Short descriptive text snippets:
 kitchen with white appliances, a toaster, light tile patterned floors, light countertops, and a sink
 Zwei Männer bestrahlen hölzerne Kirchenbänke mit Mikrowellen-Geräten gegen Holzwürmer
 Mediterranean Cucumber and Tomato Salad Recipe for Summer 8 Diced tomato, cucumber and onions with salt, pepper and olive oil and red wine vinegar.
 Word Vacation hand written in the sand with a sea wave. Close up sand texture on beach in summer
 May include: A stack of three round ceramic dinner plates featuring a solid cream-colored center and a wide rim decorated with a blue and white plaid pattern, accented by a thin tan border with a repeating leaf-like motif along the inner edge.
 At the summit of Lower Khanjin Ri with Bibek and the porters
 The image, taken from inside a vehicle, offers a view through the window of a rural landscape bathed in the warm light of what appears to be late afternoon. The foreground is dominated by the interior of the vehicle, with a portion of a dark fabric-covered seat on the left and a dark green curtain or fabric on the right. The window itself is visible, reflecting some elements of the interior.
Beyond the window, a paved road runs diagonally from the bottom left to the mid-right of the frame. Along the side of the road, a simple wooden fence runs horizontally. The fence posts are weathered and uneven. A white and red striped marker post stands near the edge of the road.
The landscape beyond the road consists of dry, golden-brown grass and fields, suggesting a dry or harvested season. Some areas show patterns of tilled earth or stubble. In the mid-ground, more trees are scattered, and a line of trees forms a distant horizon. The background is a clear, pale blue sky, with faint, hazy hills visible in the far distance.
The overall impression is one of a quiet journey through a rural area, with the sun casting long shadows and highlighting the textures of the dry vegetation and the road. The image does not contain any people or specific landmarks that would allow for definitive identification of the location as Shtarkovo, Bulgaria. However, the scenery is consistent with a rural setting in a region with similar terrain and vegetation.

* [PROBLEM TO WORK ON]:
Reproduce only the lines above, starting at the line with "At the summit" and ending at the line with "The image, taken", exactly as written.

* [SOLUTION FOR THIS TASK]:
 At the summit of Lower Khanjin Ri with Bibek and the porters
 The image, taken from inside a vehicle, offers a view through the window of a rural landscape bathed in the warm light of what appears to be late afternoon. The foreground is dominated by the interior of the vehicle, with a portion of a dark fabric-covered seat on the left and a dark green curtain or fabric on the right. The window itself is visible, reflecting some elements of the interior.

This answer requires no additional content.